Luego aquel cuadro aterrador desapareció y apareció el campo de batalla, solo, desolado, los muertos sirviendo de horroroso festín a los voraces cuervos, multitud de heridos arrastrándose sobre un rastro de sangre o agrupándose para morir reunidos; y en medio de todo este horror, como figuras fatídicas y malditas, seres repugnantes profanando los muertos, maltratando los heridos para quitarles el dinero y las alhajas que llevaban encima, y a lo lejos el incendio devorando las hermosas ciudades y las feraces campiñas.

—¿Ves, Brunilda? La guerra no es más que robo, incendio, desolación y muerte. Ahora mira tú, Gricelda.

Brunilda había ido cubriéndose el rostro.

Un movimiento de la poderosa varita presentó a la vista el laboratorio de un sabio: alambiques, retortas, hornos, telescopios, volúmenes in folio, en los rincones de la pieza oro hacinado como montones de arena debajo de las mesas, tirados aquí y allá, montones de diamantes, rubíes, esmeraldas, perlas cuyos rayos luminosos desaparecían bajo espesas capas de polvo, que nadie se cuidaba de quitar, y en medio de todo esto el sabio, el príncipe Eddín con la cabeza calva, las facciones rígidas, cadavéricas, como si fueran de piedra, todo el fuego de la vida reconcentrado en los ojos, que fulguraban mirando con tenaz insistencia el fondo de una redoma, de forma extraña en la cual se movían millones de seres más extraños aún.
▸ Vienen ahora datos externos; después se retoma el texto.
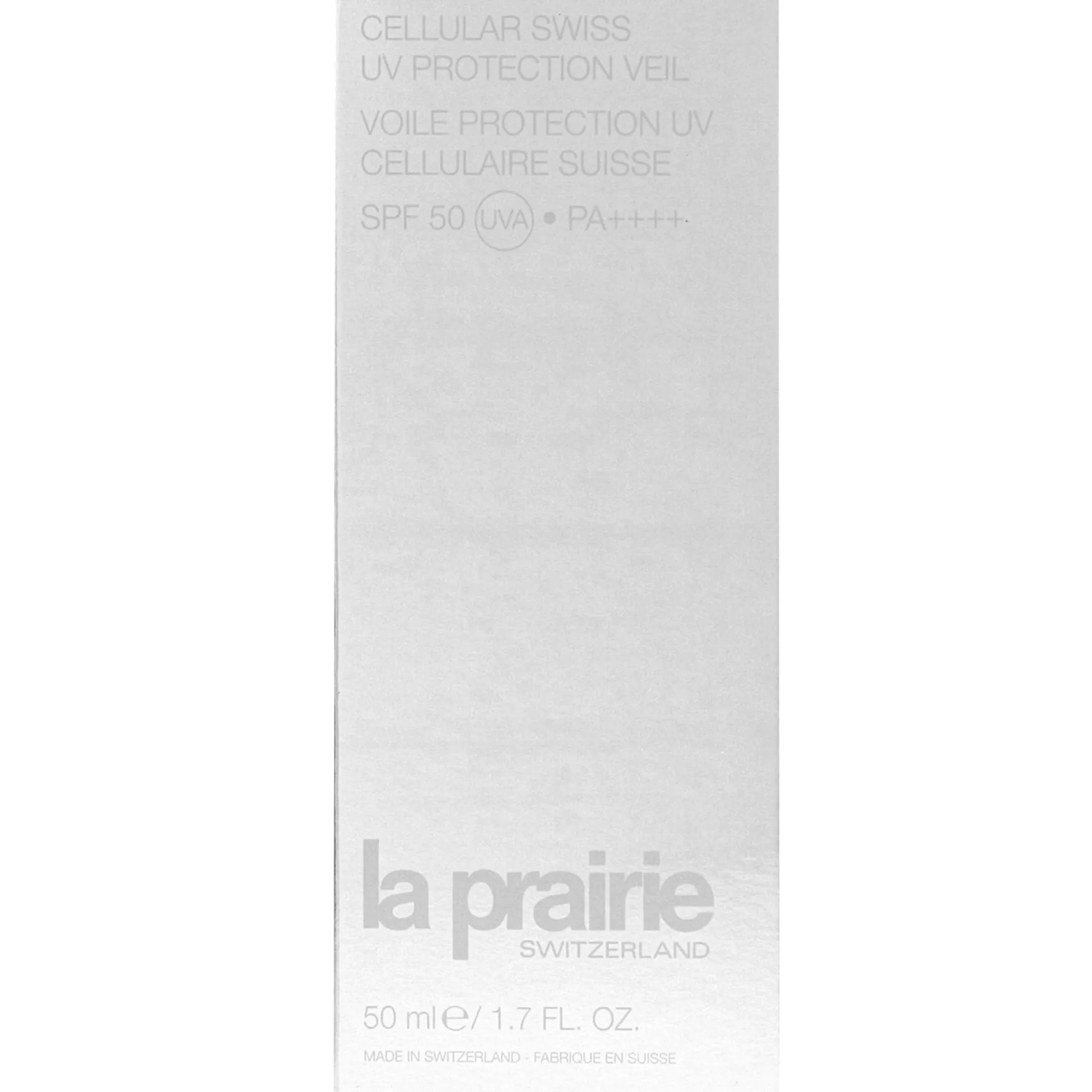 La Prairie Cellular UV Protection Veil SPF50 50ml New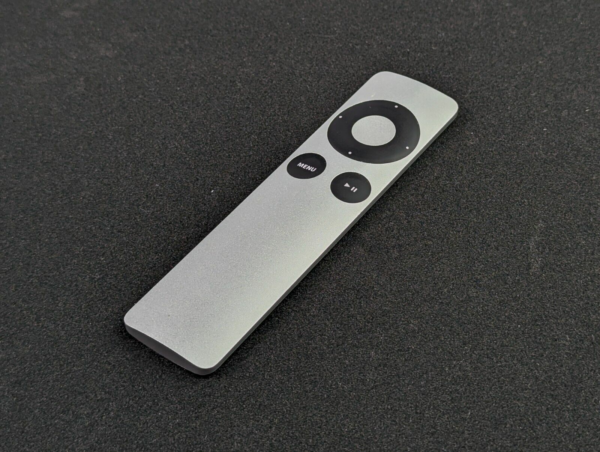 Genuine Apple A1294 IR Infrared Remote For Apple TV - Defective - For Parts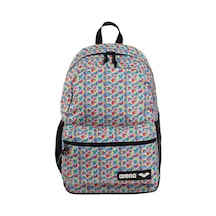 Arena Team Backpack 30 Yüzücü Sırt Çantası 002484107 Çok Renkli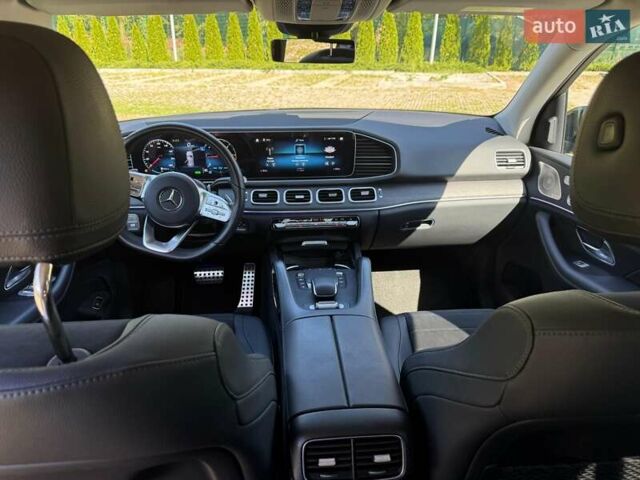Черный Мерседес ГЛЕ-Класс, объемом двигателя 1.95 л и пробегом 90 тыс. км за 64900 $, фото 15 на Automoto.ua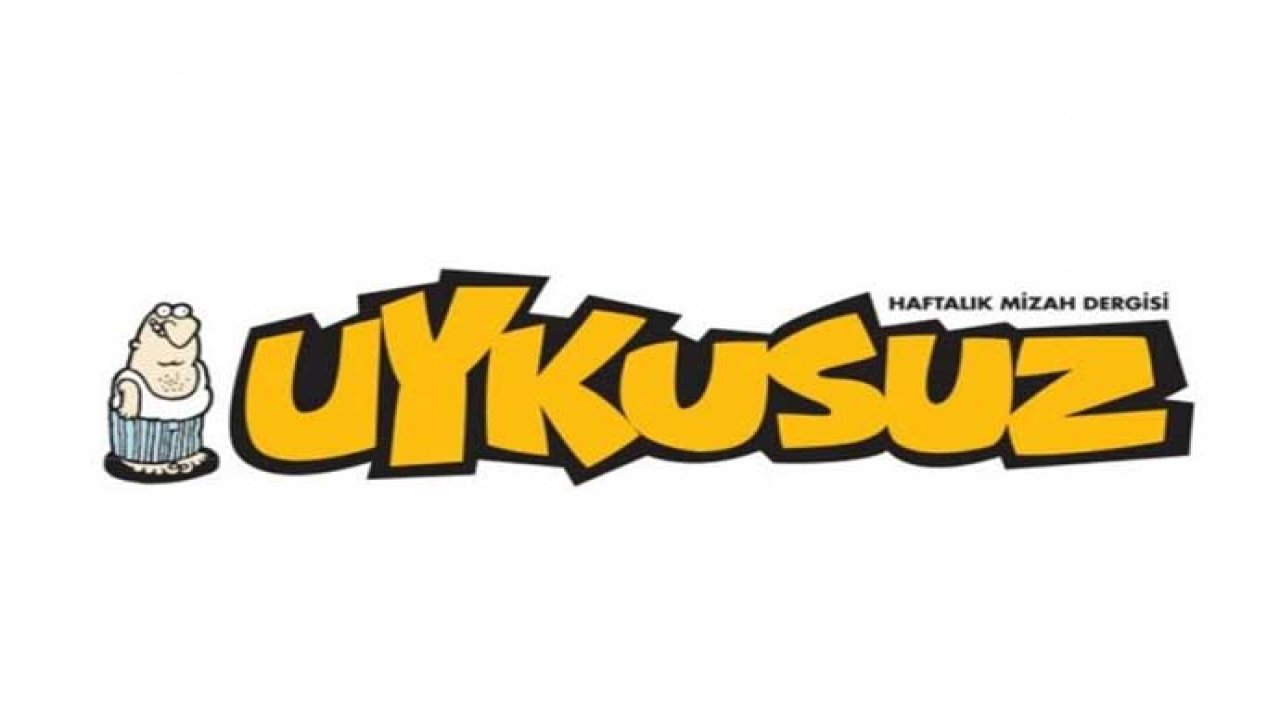 Uykusuz'dan 'sansür yasası' kapağı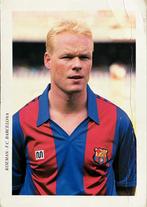 Spelerskaart Ronald Koeman FC Barcelona seizoen 1991-1992, Verzamelen, Sportartikelen en Voetbal, Spelerskaart, Gebruikt, Ophalen of Verzenden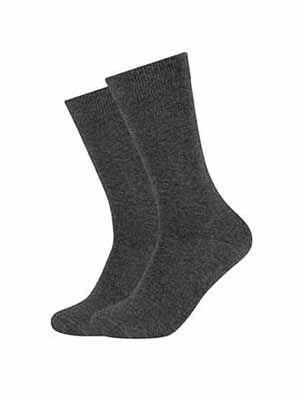 s.Oliver Red Label - 2-er Pack Socken grau von s.Oliver Red Label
Después, pisando las piedras, empujando el oro con los pies, se acercó a una gran mesa de piedra, donde ella, Gricelda, extendida, con los ojos abiertos, palpitante de terror, viéndolo todo sin poder moverse, sujeta no sé por qué arte, esperaba sobre ella misma algún horrible experimento.

—¡Oh, no, por piedad, no más!…

Y Gricelda sollozaba, llorando el desencanto de su ambición.

—Esto es la ciencia, Gricelda. Mira tú, Gilda.

Apareció el más seductor cuadro que la mente humana puede concebir. Bajo un cielo azul donde se agrupaban nubes blancas, brillantes, se miraba una ciudad empavesada con lujo.

Por todas partes se veían los adelantos de la civilización, el imperio del trabajo honrado, libre, la suavidad de las leyes imperando por la fuerza de la justicia y la razón; la claridad como ley fundamental y obligatoria.

Por las calles una multitud feliz y risueña corría para ser cada uno el primero en ver al bienhechor, al fundador de todo esto, al príncipe Eddín, feliz porque era bueno, y bello porque la hermosura de su alma, reflejada en sus facciones, le hacían el ser más encantador y atrayente de la tierra.

Gilda había caído de rodillas, contemplando embelesada la realidad de su deseo, y el hada, con las manos tendidas, parecía bendecir la unión de aquellas almas puras que se habían comprendido, en lo más bello y perdurable de la vida, que es el bien.